Supreme Court Requests Solicitor General Brief in Telecom Antitrust Case

January 22, 2008. The Supreme Court issued an order asking the Department of Justice's (DOJ) Office of the Solicitor General (OSG) to submit an amicus curiae brief in Pacific Bell v. Linkline, App. Ct. No. 07-512. See, Orders List [8 pages in PDF] at page 4.

The U.S. Court of Appeals (9thCir) issued its divided opinion [22 pages in PDF] on September 11, 2007. The majority opinion states that the issue is whether the Supreme Court's January 13, 2004, opinion [22 pages in PDF] in Verizon v. Trinko, 540 U.S. 398, "bars a plaintiff from claiming a violation of § 2 of the Sherman Antitrust Act by virtue of an alleged price squeeze perpetrated by a competitor who also serves as the plaintiff’s supplier at the wholesale level, but who has no duty to deal with the plaintiff absent statutory compulsion. We conclude that it does not, and affirm the order of the district court denying judgment on the pleadings."

The Supreme Court held in Verizon v. Trinko that a claim alleging a breach of an ILEC's duty under the 1996 Telecom Act to share its network with competitors does not state a violation of Section 2 of the Sherman Act.

See also, story titled "Supreme Court Holds That There is No Sherman Act Claim in Verizon v. Trinko" in TLJ Daily E-Mail Alert No. 815, January 14, 2004.

See also, Supreme Court Docket.

A group of economists submitted a amicus brief last month urging the Supreme Court to grant certiorari and reverse the Court of Appeals. This group includes Robert Crandall, William Baumol, Greg Sidak, Jeffrey Eisenach, Robert Bork, and others.

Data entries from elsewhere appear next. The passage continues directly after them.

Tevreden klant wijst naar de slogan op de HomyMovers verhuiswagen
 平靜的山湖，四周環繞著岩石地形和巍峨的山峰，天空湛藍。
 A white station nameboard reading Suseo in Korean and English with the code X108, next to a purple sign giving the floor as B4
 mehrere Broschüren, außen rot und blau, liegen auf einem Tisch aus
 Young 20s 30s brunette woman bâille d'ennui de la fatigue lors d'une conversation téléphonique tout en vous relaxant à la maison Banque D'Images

They write that the question is "Whether a plaintiff states a claim under section 2 of the Sherman Act by alleging that the defendant -- a vertically integrated retail competitor with an alleged monopoly at the wholesale level but no antitrust duty to provide the wholesale input to competitors -- engaged in a ``price squeeze´´ by leaving insufficient margin between wholesale and retail prices to allow the plaintiff to compete."

They argue that the Court of Appeals opinion is inconsistent with the Supreme Court's opinion in Verizon v. Trinko. They also argue that it would alter the principle that antitrust law exists to advance consumer welfare.